Saved entries
>>

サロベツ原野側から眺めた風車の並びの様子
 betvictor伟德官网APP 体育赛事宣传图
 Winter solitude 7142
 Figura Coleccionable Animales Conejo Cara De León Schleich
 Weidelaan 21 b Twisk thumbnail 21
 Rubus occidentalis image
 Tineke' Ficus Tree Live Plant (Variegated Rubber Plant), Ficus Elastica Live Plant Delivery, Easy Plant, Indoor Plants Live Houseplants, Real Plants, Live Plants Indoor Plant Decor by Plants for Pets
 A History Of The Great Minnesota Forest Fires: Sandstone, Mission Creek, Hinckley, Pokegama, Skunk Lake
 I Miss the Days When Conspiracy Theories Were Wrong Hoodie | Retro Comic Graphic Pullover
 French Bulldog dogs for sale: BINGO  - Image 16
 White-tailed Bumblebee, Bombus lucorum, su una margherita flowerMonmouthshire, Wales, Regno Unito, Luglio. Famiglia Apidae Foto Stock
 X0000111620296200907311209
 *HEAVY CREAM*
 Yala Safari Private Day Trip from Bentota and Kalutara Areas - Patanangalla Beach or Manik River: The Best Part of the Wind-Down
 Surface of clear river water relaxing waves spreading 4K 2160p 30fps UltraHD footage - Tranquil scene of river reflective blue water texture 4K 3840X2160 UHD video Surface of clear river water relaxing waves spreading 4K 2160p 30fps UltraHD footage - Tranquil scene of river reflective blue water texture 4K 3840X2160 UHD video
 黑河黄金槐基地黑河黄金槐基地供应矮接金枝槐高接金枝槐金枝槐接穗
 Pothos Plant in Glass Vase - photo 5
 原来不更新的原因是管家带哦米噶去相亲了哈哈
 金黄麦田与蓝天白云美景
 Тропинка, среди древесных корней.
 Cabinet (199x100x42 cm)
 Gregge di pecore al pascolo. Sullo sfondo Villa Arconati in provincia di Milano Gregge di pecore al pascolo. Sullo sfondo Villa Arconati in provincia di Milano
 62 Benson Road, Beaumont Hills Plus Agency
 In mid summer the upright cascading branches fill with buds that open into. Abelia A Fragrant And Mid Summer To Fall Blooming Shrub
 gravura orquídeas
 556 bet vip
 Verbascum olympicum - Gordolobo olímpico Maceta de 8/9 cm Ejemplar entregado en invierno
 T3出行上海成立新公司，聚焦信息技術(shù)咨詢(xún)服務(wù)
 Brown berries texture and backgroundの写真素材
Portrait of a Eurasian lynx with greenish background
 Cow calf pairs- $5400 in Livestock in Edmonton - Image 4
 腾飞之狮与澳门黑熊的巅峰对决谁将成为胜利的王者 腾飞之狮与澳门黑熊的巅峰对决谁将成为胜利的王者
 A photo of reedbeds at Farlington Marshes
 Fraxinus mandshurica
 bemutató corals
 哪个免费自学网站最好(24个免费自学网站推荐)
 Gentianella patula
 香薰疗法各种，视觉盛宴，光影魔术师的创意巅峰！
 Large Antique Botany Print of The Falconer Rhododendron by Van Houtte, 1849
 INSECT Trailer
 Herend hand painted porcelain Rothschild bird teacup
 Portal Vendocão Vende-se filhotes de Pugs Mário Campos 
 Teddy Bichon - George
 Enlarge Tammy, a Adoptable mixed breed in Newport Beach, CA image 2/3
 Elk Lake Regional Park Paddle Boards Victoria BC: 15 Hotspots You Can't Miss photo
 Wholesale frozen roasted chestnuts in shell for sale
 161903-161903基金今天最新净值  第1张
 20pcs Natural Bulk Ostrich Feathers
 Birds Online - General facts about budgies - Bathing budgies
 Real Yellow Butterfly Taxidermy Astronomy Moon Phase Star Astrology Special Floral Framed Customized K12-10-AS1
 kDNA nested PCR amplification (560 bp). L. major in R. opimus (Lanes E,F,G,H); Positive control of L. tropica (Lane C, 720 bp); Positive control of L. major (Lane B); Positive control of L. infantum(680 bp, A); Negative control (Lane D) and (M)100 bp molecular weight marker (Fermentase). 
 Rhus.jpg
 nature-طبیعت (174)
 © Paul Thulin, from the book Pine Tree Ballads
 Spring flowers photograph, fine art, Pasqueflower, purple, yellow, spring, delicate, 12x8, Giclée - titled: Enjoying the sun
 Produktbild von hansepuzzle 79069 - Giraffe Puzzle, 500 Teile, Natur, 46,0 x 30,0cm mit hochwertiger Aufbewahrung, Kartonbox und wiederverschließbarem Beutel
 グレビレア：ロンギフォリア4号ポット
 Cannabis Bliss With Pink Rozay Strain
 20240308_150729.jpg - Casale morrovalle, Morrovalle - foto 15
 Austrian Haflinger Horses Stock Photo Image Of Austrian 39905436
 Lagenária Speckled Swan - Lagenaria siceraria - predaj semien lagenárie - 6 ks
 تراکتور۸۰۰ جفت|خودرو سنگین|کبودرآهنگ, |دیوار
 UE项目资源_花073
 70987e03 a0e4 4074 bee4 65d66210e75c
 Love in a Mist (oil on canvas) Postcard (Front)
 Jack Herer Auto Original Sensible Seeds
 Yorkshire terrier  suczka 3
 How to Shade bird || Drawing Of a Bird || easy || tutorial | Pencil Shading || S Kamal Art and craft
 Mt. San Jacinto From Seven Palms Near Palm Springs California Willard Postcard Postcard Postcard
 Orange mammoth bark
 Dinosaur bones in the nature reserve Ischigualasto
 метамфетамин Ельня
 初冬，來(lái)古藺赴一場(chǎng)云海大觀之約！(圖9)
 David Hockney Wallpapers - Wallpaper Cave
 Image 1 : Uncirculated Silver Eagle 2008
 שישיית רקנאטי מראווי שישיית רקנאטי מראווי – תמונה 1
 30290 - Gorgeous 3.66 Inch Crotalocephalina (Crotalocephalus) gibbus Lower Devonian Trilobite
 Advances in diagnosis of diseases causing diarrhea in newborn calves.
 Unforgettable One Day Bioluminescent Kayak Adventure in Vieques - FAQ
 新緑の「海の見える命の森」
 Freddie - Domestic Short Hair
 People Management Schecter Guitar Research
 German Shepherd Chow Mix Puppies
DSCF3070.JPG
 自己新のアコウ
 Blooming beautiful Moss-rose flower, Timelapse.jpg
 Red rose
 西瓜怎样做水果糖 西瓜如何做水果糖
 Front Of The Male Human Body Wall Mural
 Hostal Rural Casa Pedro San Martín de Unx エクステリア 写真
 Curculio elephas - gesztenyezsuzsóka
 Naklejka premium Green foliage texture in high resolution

<<

Exactly the lines above from the one with "哪个免费自学网站最好(24个免费自学网站推荐)" to the one with "Cannabis Bliss With Pink Rozay Strain", both included, are to be quoted; leave the rest out.

 哪个免费自学网站最好(24个免费自学网站推荐)
 Gentianella patula
 香薰疗法各种，视觉盛宴，光影魔术师的创意巅峰！
 Large Antique Botany Print of The Falconer Rhododendron by Van Houtte, 1849
 INSECT Trailer
 Herend hand painted porcelain Rothschild bird teacup
 Portal Vendocão Vende-se filhotes de Pugs Mário Campos 
 Teddy Bichon - George
 Enlarge Tammy, a Adoptable mixed breed in Newport Beach, CA image 2/3
 Elk Lake Regional Park Paddle Boards Victoria BC: 15 Hotspots You Can't Miss photo
 Wholesale frozen roasted chestnuts in shell for sale
 161903-161903基金今天最新净值  第1张
 20pcs Natural Bulk Ostrich Feathers
 Birds Online - General facts about budgies - Bathing budgies
 Real Yellow Butterfly Taxidermy Astronomy Moon Phase Star Astrology Special Floral Framed Customized K12-10-AS1
 kDNA nested PCR amplification (560 bp). L. major in R. opimus (Lanes E,F,G,H); Positive control of L. tropica (Lane C, 720 bp); Positive control of L. major (Lane B); Positive control of L. infantum(680 bp, A); Negative control (Lane D) and (M)100 bp molecular weight marker (Fermentase). 
 Rhus.jpg
 nature-طبیعت (174)
 © Paul Thulin, from the book Pine Tree Ballads
 Spring flowers photograph, fine art, Pasqueflower, purple, yellow, spring, delicate, 12x8, Giclée - titled: Enjoying the sun
 Produktbild von hansepuzzle 79069 - Giraffe Puzzle, 500 Teile, Natur, 46,0 x 30,0cm mit hochwertiger Aufbewahrung, Kartonbox und wiederverschließbarem Beutel
 グレビレア：ロンギフォリア4号ポット
 Cannabis Bliss With Pink Rozay Strain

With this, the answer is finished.